America’s comparatively poor performance on renewables can’t be overstated. The most current World Bank data shows that just 12 percent of America’s total electricity output comes from renewable sources, Washington lagging behind 80 other nations such as Latvia and Paraguay to Myanmar and Tajikistan. Among them is Germany at about 23 percent – itself a nation led by an environmentally astute conservative in Angela Merkel. How well the nation weans itself from dirty lignite coal remains a question. So does the role of nuclear power, in Germany and elsewhere as it falls from favor because of its sobering risks.
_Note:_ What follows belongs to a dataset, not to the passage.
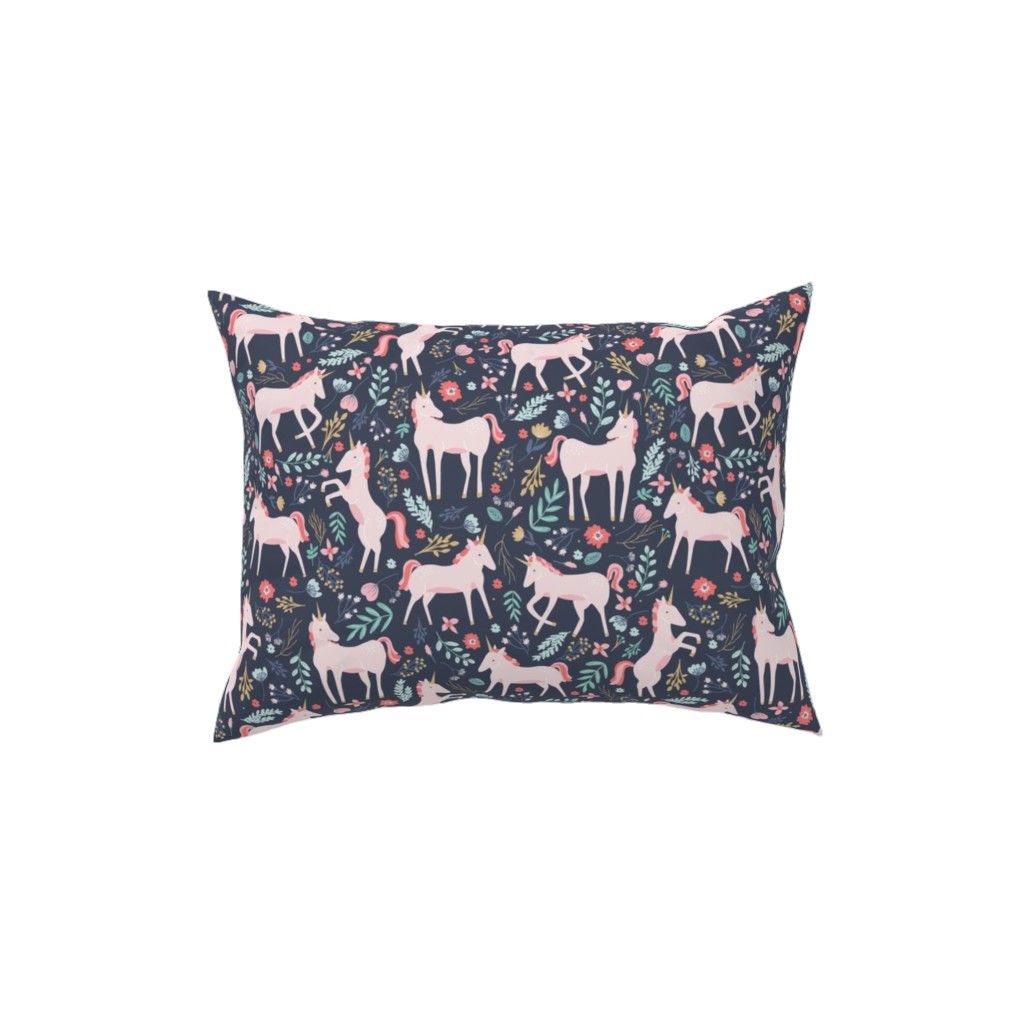 Unicorn Fields Pillow, Woven, Black, 12x16, Single Sided, Multicolor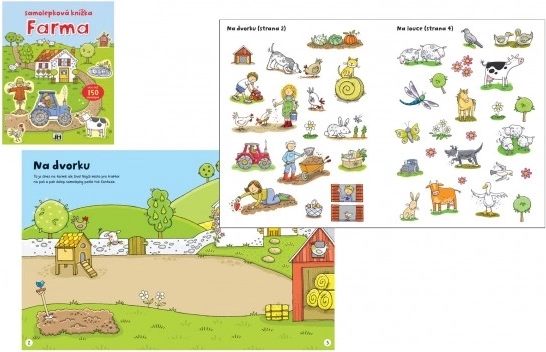 Samolepková knížka farma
Yet there are many environmental advocates that want to revisit nuclear for its relatively safe, clean and cost-effective potential in reducing carbon emissions.

Even the increasingly coal-consuming India is edging out America on renewables, while Brazil’s hydropower and biofuels deliver more than 80 percent of its energy. Wind-driven Denmark sees days with clean energy to spare- and sell – to Germany, Norway and Sweden, but it routinely generates about half of its power through renewables. If Obama wants to lead on climate change, then a chastened US will need to do better than everyone from Latvia to Myanmar – and that means American conservatives need to lose the sensational stunts, quit the obstructionist exceptionalism, develop humility on just how much the US lags on renewables because of oil majors and coal-dependent corporations, and act like leaders of a bipartisan America that needs desperately to care about far more than politics, polls and ratings.

On the same day that Obama made his announcement, another United Nations report raised red flags on meeting the 2C targets needed to mitigate the worst climate impacts. Michael Oppenheimer, a Princeton University scientist and global climate expert, warns that it’s getting late fast, and our options narrow if we “twiddle our thumbs for another 10 years.” Yes, Obama’s leadership is critical to the global effort, but America’s political will matters more on the Potomac than it does in Paris – perhaps forever.